They didn't refuse agriculture, they were banned from it in most places.

Of course, it was noted Jews were predominantly craftsmen and other non farm occupations cca year zero.

Pretty sure Jews in the pale of settlement farmed, no?

The Talmud has passages condemning agricultural work and encouraging learned / literate work. According to Solzhenitsyn, the Tsar tried to get Russian Jews to farm but failed. As far as I know there is no example of a Rabbi (the leaders of the Jewish micro-nation) ever asking for farming privileges in any of their negotiations with foreign powers.

If Jews don't farm, why do they have a major holiday for harvest season? Farming may not be the most popular career for Jews, but it appears there's still plenty of Jewish farmers, even before the Kibbutz movement.

I am also highly skeptical of people pulling quotes from the Talmud to try and make a point about the Jews. The Talmud is a large volume containing many contradictory opinions about many subjects from many historical scholars. It's meant to be studied and debated, not read as a literal book of laws. Can you cite the exact passage that you believe condemns agricultural work and why you believe the intent of that section is to order Jews not to perform it?

I have no idea what the relationship of Eastern European Jewish communities was to farming. Certainly they were strongly discriminated against and banned from it in many places. If they refused to try or ask, perhaps they knew they wouldn't get it, or were concerned that they wouldn't be allowed to keep them for long enough for a planting and harvest cycle, or wouldn't be allowed to learn how to do it well. Or maybe it's not very well documented exactly what they did or didn't try to do over the years.
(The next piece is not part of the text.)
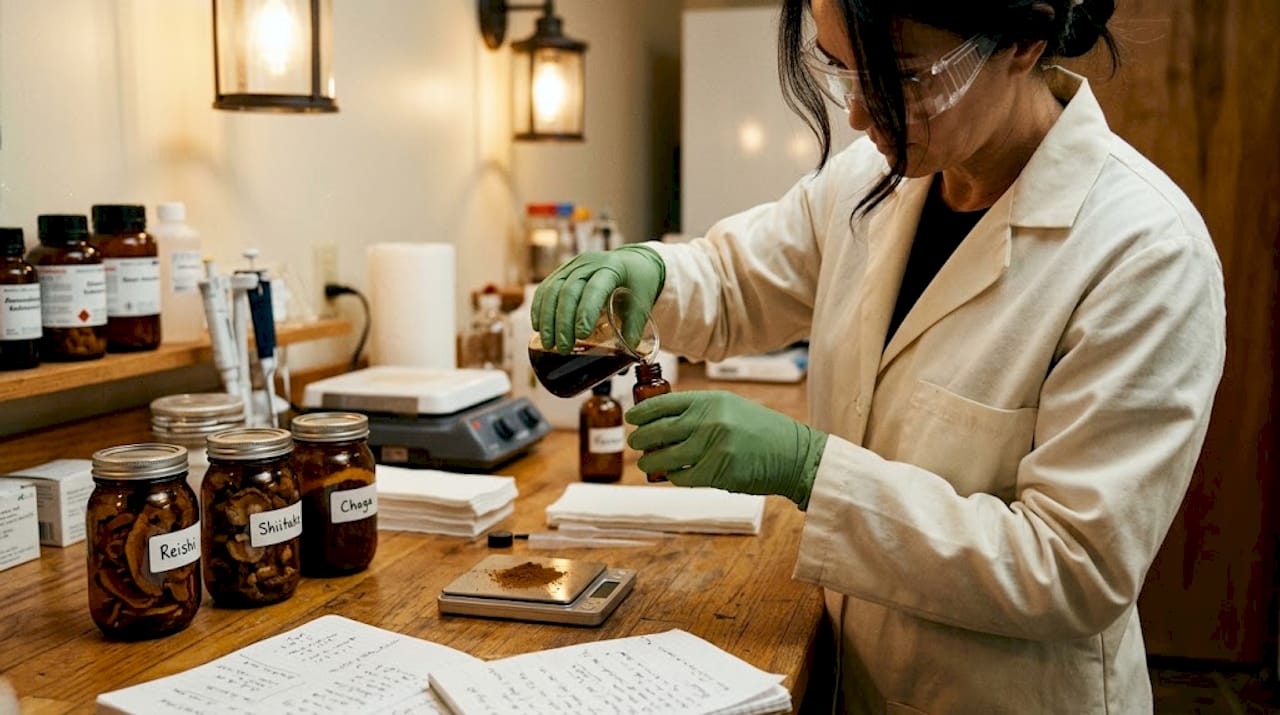 Lab worker pours mushroom extract into small vial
In looking around the net about the subject, I did find this interesting and pretty neutral article about the subject making the case that the root cause of Jews tending away from farming in the pre-historical era was not hostile discrimination or refusal to do farm labor, but instead the religious requirement to be literate (in order to read the Torah) in an era when that was extremely difficult, time-consuming, and expensive. It seems likely that many people thought, if you've got to acquire a relatively rare and difficult skill, better to make some use of it rather than continue to farm.

Because Sukkot has its origins in Ancient Israel, and actually before that in ancient Canaan, which was agricultural. Talmudic Judaism came about around the first century, around the time of the destruction of the Second Temple. This is where what we call “Judaism” originates.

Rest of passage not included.